Başlık biraz "dramatik" ve azıcık "tuhaf" gibi dursa da tam olarak duygularımı anlatıyor bu dört kelime. Niye ve kime yalvarıyor bu kız böyle, diyeceksiniz...
Yeni hükumete, meclisteki tüm vekillere ve cumhurbaşkanı Recep Tayyip Erdoğan'a bu çağrı. Kendim için değil, sokaklardaki, ormanlık alanlardaki, belediye barınaklarındaki sahipsiz, korumasız, bir başına yaşam mücadelesi veren hayvanlar için sesleniyorum iktidara...

* * *

Seçimden hemen önceye gidelim...
Sakarya'da 4 patisi ve kuyruğu kesildikten sonra yaşadığı işkenceye dayanamayıp ölen yavru köpek toplumun her kesimini derinden sarsmıştı. Kamuoyundan yükselen tepkilere AKP hükumeti ve Sayın Erdoğan da kayıtsız kalmamıştı. (Gerçi o minik masumu kimin öldürdüğü bulunamadı, olay aydınlanmamak üzere kapandı ve bizim kalbimizdeki yaralara bir çentik daha atıldı ama... belki, dedik bu korkunç olay son damla olur da bundan sonraki canlar kurtulur...)

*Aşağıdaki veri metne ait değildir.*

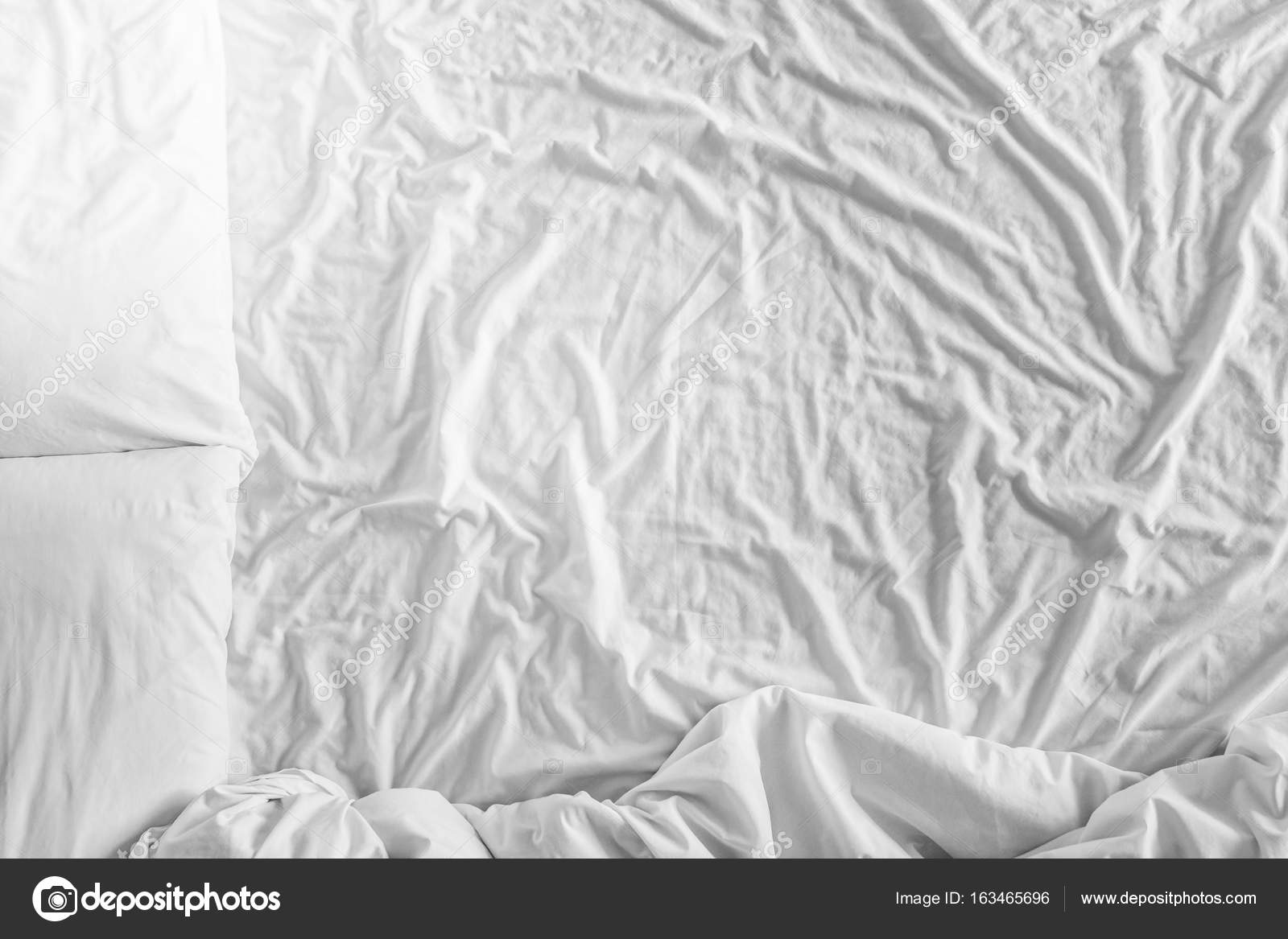 Виниловая простыня Orion Fetish 200 х 230 см, бордовая 2504220000 - Orion - Простыни для массажа - Купить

“Derhal, hayvana karşı suçlar TCK kapsamına alınacak ve seçimden sonra ilk çıkaracağımız kanun, hayvan haklarına yönelik olacak” mealinde açıklamalar yapmıştı iktidar partisinin önde gelenleri. Tabii yıllardır, ha bugün çıkacak ha yarın diye diye beklemekten umutları boşa çıkan ben, "İnanmıyorum size" başlıklı bir yazı kaleme almıştım.

* * *

Sayın vekiller; seçim bitti, mecliste yemin edeceksiniz. Sonra da "ekim ayında görüşürüz" deyip gideceksiniz. Peki o tarihe kadar kaç can daha işkenceyle öldürülecek, kaç masum hayvanın daha canı yanacak, kaç kez daha ihlal edilecek en temel yaşam hakları? Kestirmesi güç.

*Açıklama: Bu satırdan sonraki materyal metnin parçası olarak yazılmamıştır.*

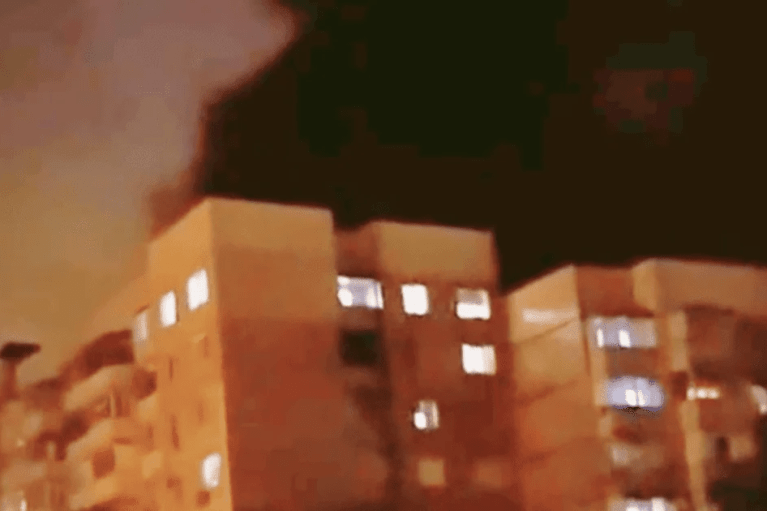 Неизвестные дроны атаковали Белгород: в городе раздавались взрывы, вспыхнули пожары (ВИДЕО)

Belki seçim telaşı derken duymamışsınızdır diye bilgi vereyim:
Sizleri bile derinden etkileyen Sapanca vahşetinin ardından bir yavru kedi ile bir yavru köpek daha patileri kesilerek katledildi. Bir yavru kediye daha tecavüz edildi, tabii ki yaşamadı zavallı hayvan. Bir yunus 8 kez kurşunlanarak öldürüldü. Onlarca sokak hayvanı zehirlendi, can çekişerek öldüler.

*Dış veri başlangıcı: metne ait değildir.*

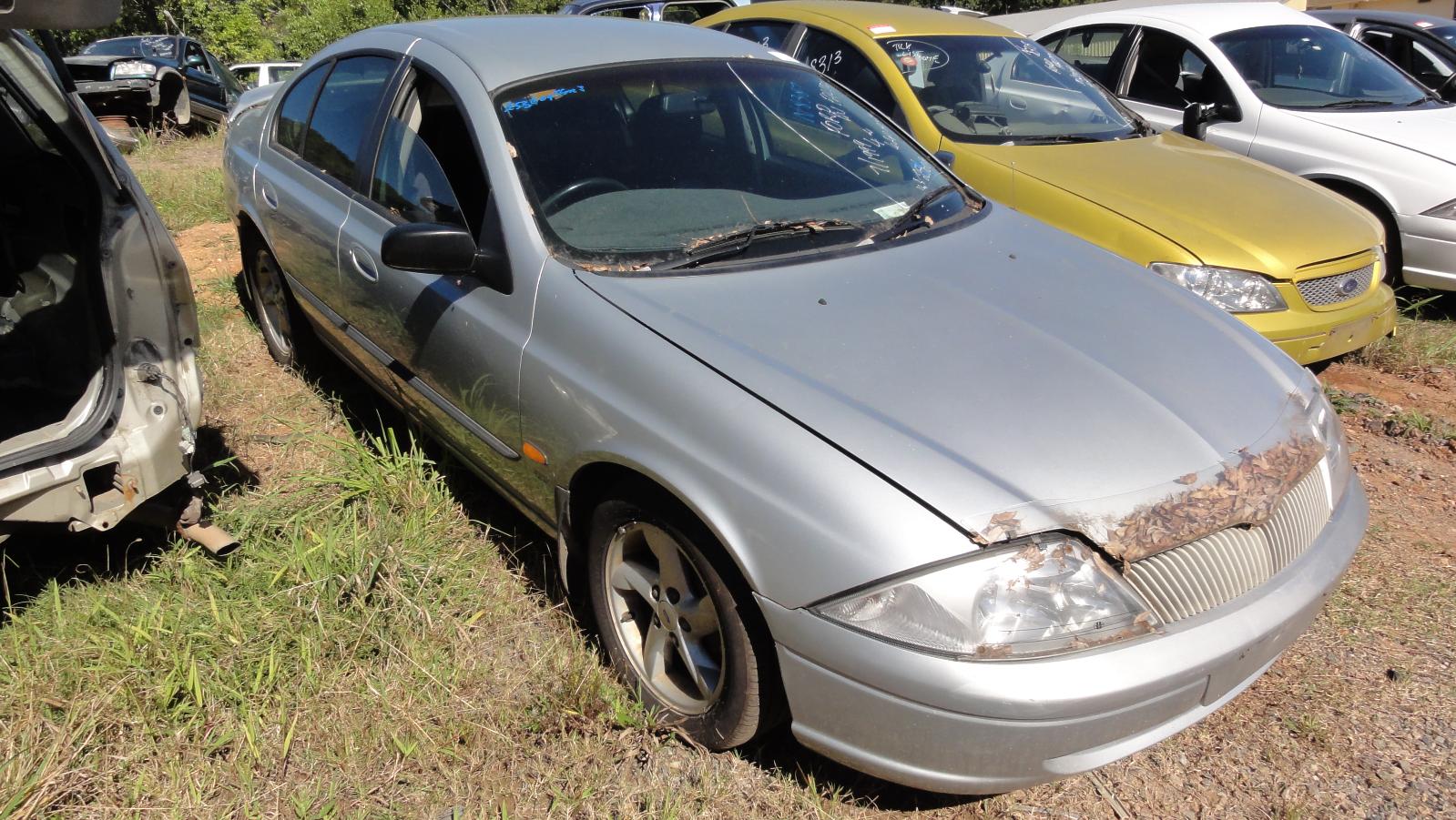 View FORD FALCON 1999   Breaking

Sahipli çoban köpeği, tasmasından bağlı bahçede otururken tüfekle vurulup öldürüldü. Köpek gebeydi.
Bunlar son 10 günde haberlere yansıyan olayların bir bölümü sadece. Ve kim bilir, Türkiye'nin dört bir yanında daha ne katliamlar, işkenceler oldu da, bizim haberimiz olmadı. Şimdi hesap edin ekim ayına kadar kaç canın daha yitip gideceğini? Şimdi düşünün, daha kaç sapık katil, ileride insanlara, çocuklara yapmayı arzuladığı korkunç eylemlerini gariban hayvanlar üzerinde test edecek?
Ne olur şu kanunu çıkartın artık!
Ama öyle 2 yıla kadar hapis cezası şeklinde değil. Hayvanları katleden, onlara işkence eden, tecavüz eden sapkınların hapisten hiçbir koşulda yırtamayacakları, iyi hal gibi saçma sapan cezai indirimlere tabi olamayacakları; işledikleri suçun ağırlığını bir ömür boyu taşıyacakları şekilde çıkartın şu kanunu.
1 Ekim'i beklemeyin, sözünüzü tutun. Allah aşkına yanıltın beni. Ben de çıkayım tebrik edeyim sizi, “yanılmışım” diyeyim, teşekkür edeyim her birinize.